#### Input records

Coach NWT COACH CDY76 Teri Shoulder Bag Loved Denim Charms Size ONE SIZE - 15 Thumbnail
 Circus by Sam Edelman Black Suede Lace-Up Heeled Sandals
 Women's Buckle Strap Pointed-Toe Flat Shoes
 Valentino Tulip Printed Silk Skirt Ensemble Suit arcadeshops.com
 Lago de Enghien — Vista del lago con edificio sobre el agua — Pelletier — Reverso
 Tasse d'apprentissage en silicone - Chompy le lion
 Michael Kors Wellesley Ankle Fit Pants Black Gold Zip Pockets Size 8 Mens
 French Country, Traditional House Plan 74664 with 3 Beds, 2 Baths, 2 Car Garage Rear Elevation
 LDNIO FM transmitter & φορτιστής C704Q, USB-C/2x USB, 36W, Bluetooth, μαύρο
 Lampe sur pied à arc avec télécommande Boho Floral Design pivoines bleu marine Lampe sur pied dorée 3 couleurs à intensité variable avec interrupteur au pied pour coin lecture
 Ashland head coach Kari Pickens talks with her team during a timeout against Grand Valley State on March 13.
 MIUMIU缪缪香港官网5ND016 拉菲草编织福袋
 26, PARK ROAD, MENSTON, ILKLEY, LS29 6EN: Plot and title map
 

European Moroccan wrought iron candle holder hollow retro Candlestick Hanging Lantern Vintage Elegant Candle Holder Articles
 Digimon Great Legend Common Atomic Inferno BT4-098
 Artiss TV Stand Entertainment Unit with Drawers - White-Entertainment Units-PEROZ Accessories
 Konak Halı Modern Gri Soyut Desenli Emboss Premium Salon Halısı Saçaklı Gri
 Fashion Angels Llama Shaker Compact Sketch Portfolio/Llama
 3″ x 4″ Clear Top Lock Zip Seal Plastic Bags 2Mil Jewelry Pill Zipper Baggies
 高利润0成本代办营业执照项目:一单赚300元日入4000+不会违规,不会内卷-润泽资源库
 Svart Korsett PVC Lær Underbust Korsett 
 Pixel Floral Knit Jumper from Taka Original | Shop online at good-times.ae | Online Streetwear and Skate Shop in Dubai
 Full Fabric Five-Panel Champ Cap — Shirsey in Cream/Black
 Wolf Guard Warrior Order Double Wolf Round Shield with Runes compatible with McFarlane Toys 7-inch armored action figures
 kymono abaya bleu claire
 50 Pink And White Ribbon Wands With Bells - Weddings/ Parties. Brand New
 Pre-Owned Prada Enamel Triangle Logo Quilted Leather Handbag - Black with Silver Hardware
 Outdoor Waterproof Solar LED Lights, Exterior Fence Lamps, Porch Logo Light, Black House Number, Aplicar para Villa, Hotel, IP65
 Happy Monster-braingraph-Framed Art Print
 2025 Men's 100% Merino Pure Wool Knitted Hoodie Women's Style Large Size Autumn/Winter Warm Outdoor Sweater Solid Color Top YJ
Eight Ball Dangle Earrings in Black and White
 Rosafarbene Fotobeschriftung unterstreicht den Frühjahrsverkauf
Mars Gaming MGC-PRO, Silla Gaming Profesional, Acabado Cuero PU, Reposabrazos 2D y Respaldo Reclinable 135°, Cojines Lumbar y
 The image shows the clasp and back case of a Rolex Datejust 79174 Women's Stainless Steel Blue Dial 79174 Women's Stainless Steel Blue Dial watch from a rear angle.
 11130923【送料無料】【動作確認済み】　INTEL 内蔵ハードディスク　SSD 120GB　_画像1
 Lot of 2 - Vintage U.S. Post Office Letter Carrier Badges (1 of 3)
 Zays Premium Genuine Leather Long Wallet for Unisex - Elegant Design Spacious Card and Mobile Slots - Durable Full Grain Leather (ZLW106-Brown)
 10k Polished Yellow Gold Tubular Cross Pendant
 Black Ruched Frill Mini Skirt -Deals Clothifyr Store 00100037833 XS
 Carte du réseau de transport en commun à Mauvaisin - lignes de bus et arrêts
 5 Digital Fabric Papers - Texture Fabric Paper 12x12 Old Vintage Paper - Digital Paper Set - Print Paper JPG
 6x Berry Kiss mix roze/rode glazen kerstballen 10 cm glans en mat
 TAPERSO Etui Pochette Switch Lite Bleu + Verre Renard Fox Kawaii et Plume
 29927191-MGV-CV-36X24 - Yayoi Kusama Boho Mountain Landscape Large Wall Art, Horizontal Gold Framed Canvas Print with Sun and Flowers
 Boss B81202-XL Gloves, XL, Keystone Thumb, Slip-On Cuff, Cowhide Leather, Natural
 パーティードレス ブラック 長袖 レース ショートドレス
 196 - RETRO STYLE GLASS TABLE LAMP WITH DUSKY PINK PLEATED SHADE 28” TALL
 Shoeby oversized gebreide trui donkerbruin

########

Repeat each record above precisely as written.

Coach NWT COACH CDY76 Teri Shoulder Bag Loved Denim Charms Size ONE SIZE - 15 Thumbnail
 Circus by Sam Edelman Black Suede Lace-Up Heeled Sandals
 Women's Buckle Strap Pointed-Toe Flat Shoes
 Valentino Tulip Printed Silk Skirt Ensemble Suit arcadeshops.com
 Lago de Enghien — Vista del lago con edificio sobre el agua — Pelletier — Reverso
 Tasse d'apprentissage en silicone - Chompy le lion
 Michael Kors Wellesley Ankle Fit Pants Black Gold Zip Pockets Size 8 Mens
 French Country, Traditional House Plan 74664 with 3 Beds, 2 Baths, 2 Car Garage Rear Elevation
 LDNIO FM transmitter & φορτιστής C704Q, USB-C/2x USB, 36W, Bluetooth, μαύρο
 Lampe sur pied à arc avec télécommande Boho Floral Design pivoines bleu marine Lampe sur pied dorée 3 couleurs à intensité variable avec interrupteur au pied pour coin lecture
 Ashland head coach Kari Pickens talks with her team during a timeout against Grand Valley State on March 13.
 MIUMIU缪缪香港官网5ND016 拉菲草编织福袋
 26, PARK ROAD, MENSTON, ILKLEY, LS29 6EN: Plot and title map
 

European Moroccan wrought iron candle holder hollow retro Candlestick Hanging Lantern Vintage Elegant Candle Holder Articles
 Digimon Great Legend Common Atomic Inferno BT4-098
 Artiss TV Stand Entertainment Unit with Drawers - White-Entertainment Units-PEROZ Accessories
 Konak Halı Modern Gri Soyut Desenli Emboss Premium Salon Halısı Saçaklı Gri
 Fashion Angels Llama Shaker Compact Sketch Portfolio/Llama
 3″ x 4″ Clear Top Lock Zip Seal Plastic Bags 2Mil Jewelry Pill Zipper Baggies
 高利润0成本代办营业执照项目:一单赚300元日入4000+不会违规,不会内卷-润泽资源库
 Svart Korsett PVC Lær Underbust Korsett 
 Pixel Floral Knit Jumper from Taka Original | Shop online at good-times.ae | Online Streetwear and Skate Shop in Dubai
 Full Fabric Five-Panel Champ Cap — Shirsey in Cream/Black
 Wolf Guard Warrior Order Double Wolf Round Shield with Runes compatible with McFarlane Toys 7-inch armored action figures
 kymono abaya bleu claire
 50 Pink And White Ribbon Wands With Bells - Weddings/ Parties. Brand New
 Pre-Owned Prada Enamel Triangle Logo Quilted Leather Handbag - Black with Silver Hardware
 Outdoor Waterproof Solar LED Lights, Exterior Fence Lamps, Porch Logo Light, Black House Number, Aplicar para Villa, Hotel, IP65
 Happy Monster-braingraph-Framed Art Print
 2025 Men's 100% Merino Pure Wool Knitted Hoodie Women's Style Large Size Autumn/Winter Warm Outdoor Sweater Solid Color Top YJ
Eight Ball Dangle Earrings in Black and White
 Rosafarbene Fotobeschriftung unterstreicht den Frühjahrsverkauf
Mars Gaming MGC-PRO, Silla Gaming Profesional, Acabado Cuero PU, Reposabrazos 2D y Respaldo Reclinable 135°, Cojines Lumbar y
 The image shows the clasp and back case of a Rolex Datejust 79174 Women's Stainless Steel Blue Dial 79174 Women's Stainless Steel Blue Dial watch from a rear angle.
 11130923【送料無料】【動作確認済み】　INTEL 内蔵ハードディスク　SSD 120GB　_画像1
 Lot of 2 - Vintage U.S. Post Office Letter Carrier Badges (1 of 3)
 Zays Premium Genuine Leather Long Wallet for Unisex - Elegant Design Spacious Card and Mobile Slots - Durable Full Grain Leather (ZLW106-Brown)
 10k Polished Yellow Gold Tubular Cross Pendant
 Black Ruched Frill Mini Skirt -Deals Clothifyr Store 00100037833 XS
 Carte du réseau de transport en commun à Mauvaisin - lignes de bus et arrêts
 5 Digital Fabric Papers - Texture Fabric Paper 12x12 Old Vintage Paper - Digital Paper Set - Print Paper JPG
 6x Berry Kiss mix roze/rode glazen kerstballen 10 cm glans en mat
 TAPERSO Etui Pochette Switch Lite Bleu + Verre Renard Fox Kawaii et Plume
 29927191-MGV-CV-36X24 - Yayoi Kusama Boho Mountain Landscape Large Wall Art, Horizontal Gold Framed Canvas Print with Sun and Flowers
 Boss B81202-XL Gloves, XL, Keystone Thumb, Slip-On Cuff, Cowhide Leather, Natural
 パーティードレス ブラック 長袖 レース ショートドレス
 196 - RETRO STYLE GLASS TABLE LAMP WITH DUSKY PINK PLEATED SHADE 28” TALL
 Shoeby oversized gebreide trui donkerbruin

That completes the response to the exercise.